## Records for the exercise
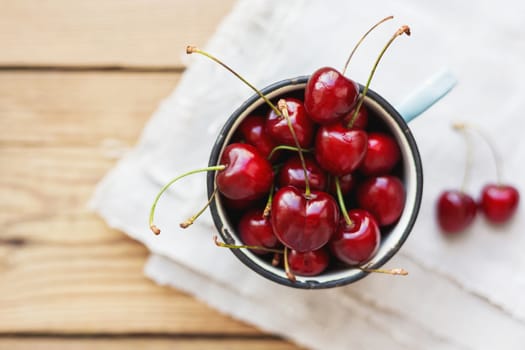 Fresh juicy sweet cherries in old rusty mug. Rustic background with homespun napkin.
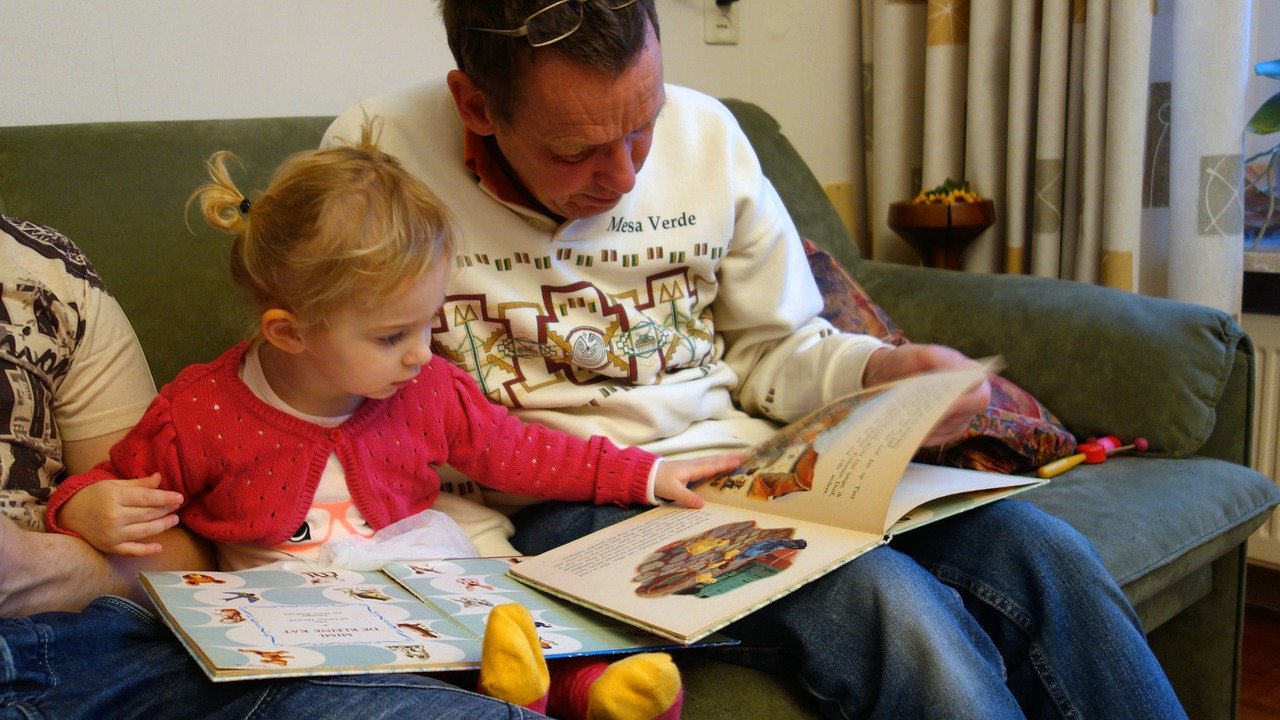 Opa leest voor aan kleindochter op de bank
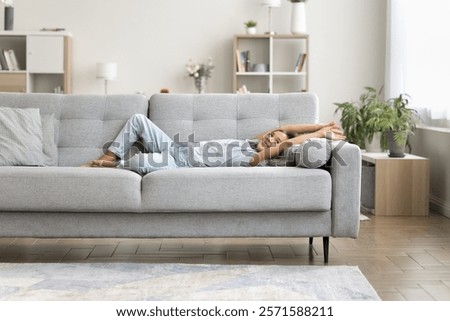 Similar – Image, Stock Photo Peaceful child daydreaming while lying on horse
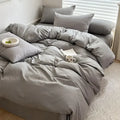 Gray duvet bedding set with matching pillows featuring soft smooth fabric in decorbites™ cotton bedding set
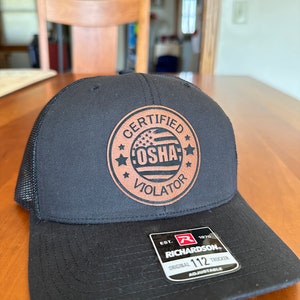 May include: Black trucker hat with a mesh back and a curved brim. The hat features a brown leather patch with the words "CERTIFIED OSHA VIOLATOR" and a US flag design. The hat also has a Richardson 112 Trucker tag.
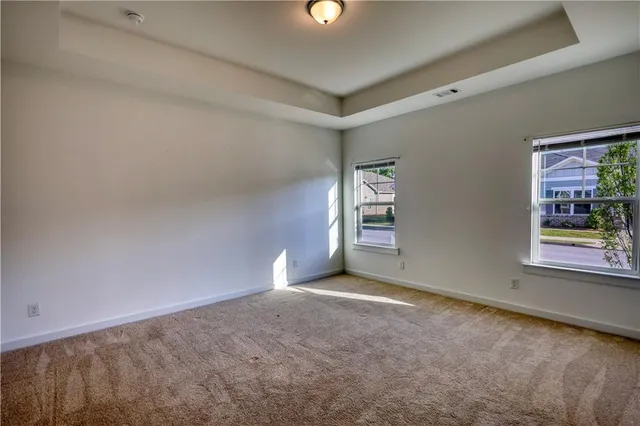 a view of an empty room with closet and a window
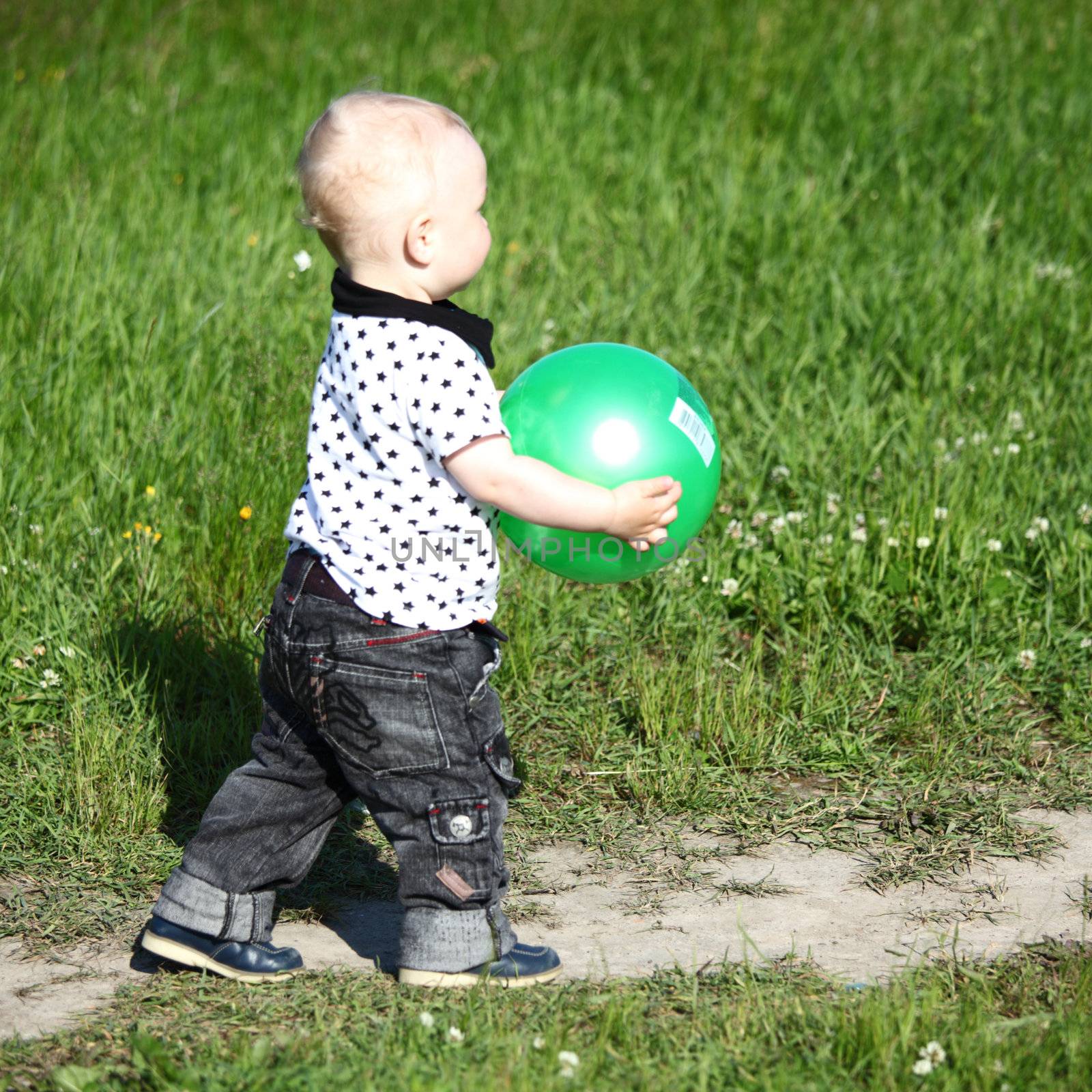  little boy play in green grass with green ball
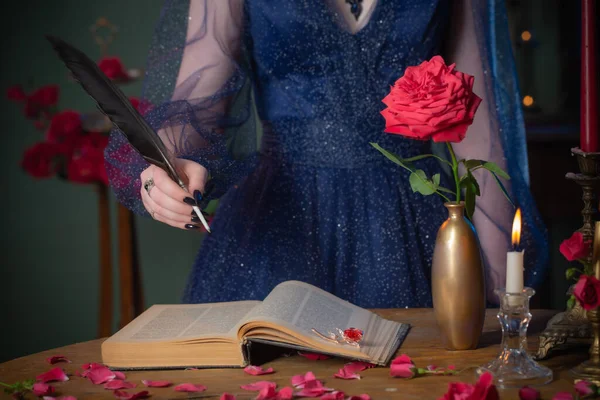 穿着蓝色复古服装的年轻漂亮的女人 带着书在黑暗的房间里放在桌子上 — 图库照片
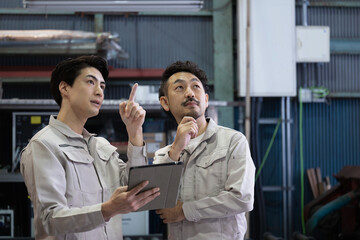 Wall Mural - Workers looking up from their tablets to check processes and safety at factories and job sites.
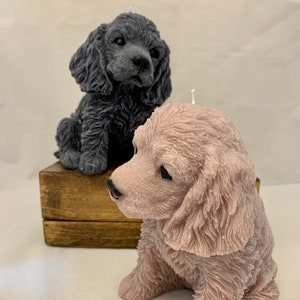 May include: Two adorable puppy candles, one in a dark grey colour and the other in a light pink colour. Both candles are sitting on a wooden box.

...

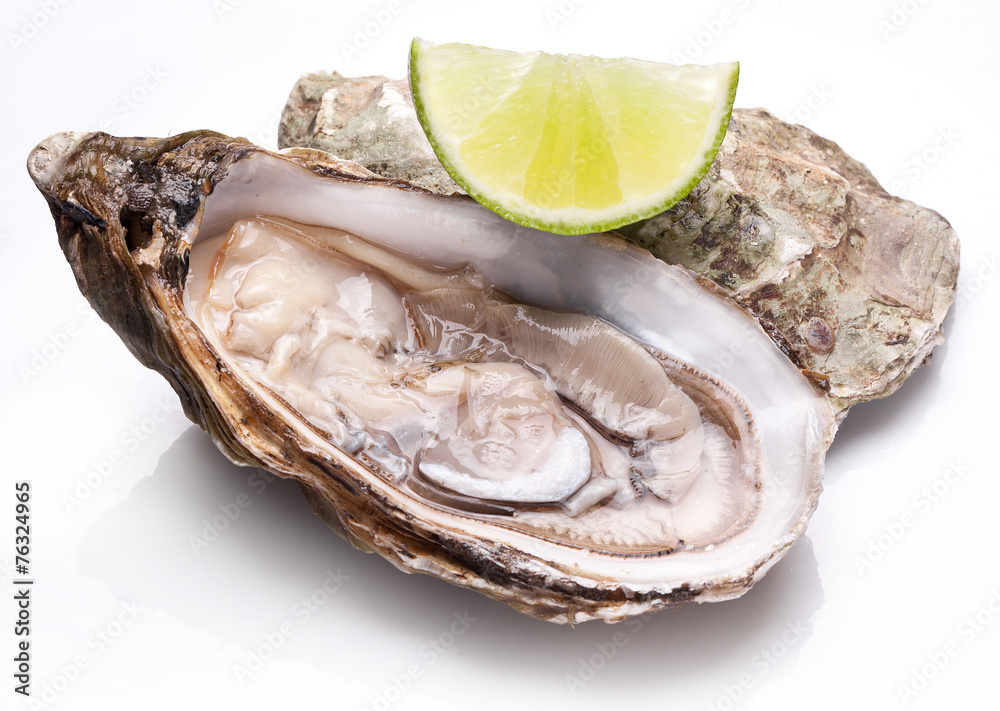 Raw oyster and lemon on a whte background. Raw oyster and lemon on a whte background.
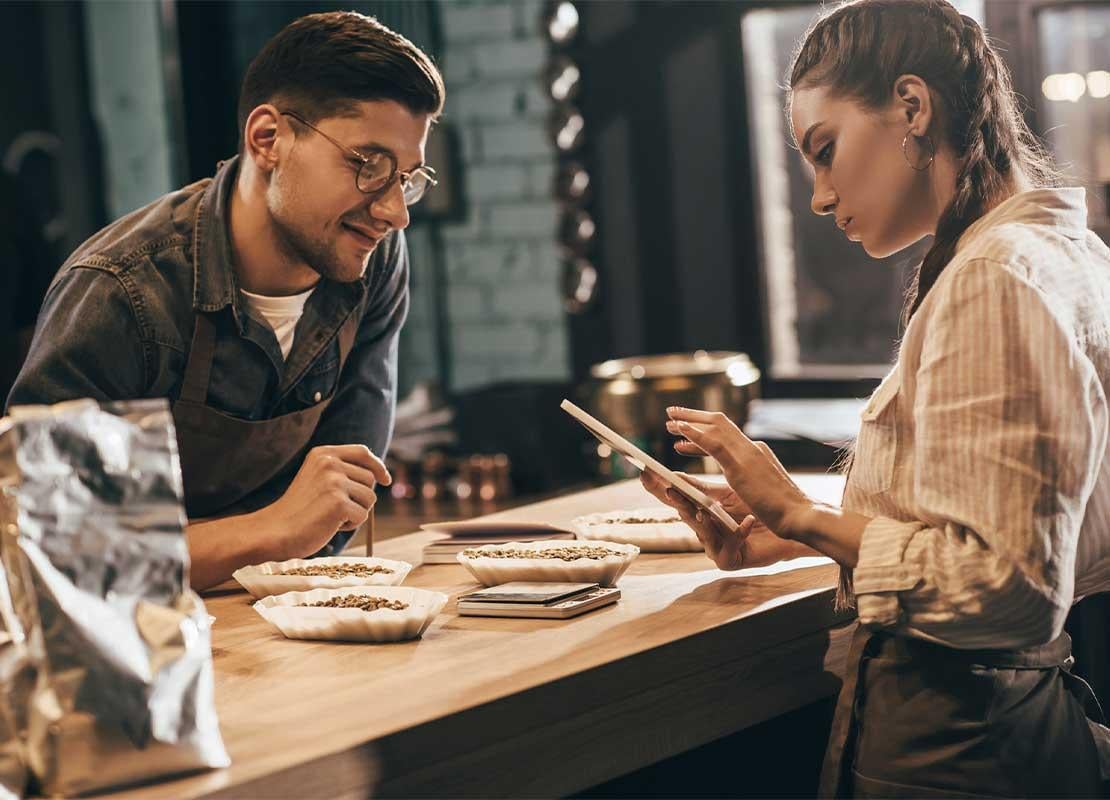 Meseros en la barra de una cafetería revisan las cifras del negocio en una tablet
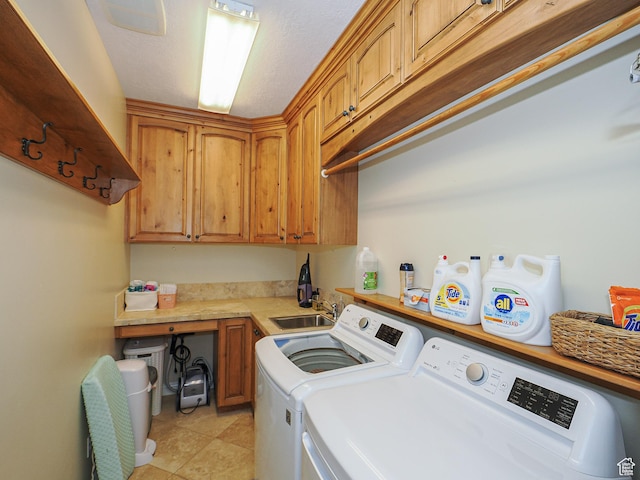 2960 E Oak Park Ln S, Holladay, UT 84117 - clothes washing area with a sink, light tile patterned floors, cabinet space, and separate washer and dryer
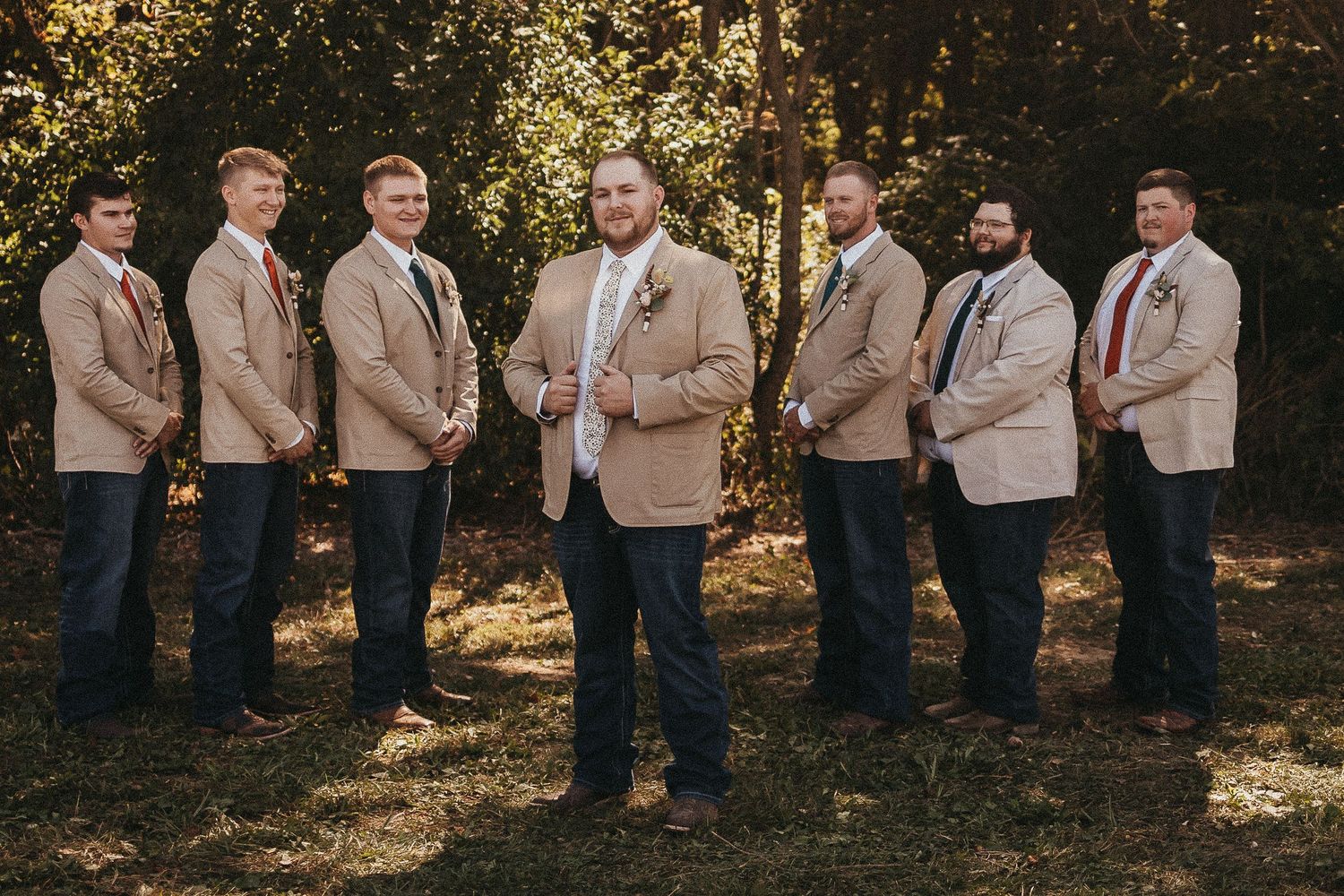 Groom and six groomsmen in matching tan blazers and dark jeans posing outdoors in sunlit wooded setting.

## Aim of the exercise
Give back, exactly and without pictures, the stretch of the records above from the line containing "little boy play" through the line containing "May include: Two", with both end lines included.

## The answer
  little boy play in green grass with green ball
 穿着蓝色复古服装的年轻漂亮的女人 带着书在黑暗的房间里放在桌子上 — 图库照片
 Wall Mural - Workers looking up from their tablets to check processes and safety at factories and job sites.
 May include: Two adorable puppy candles, one in a dark grey colour and the other in a light pink colour. Both candles are sitting on a wooden box.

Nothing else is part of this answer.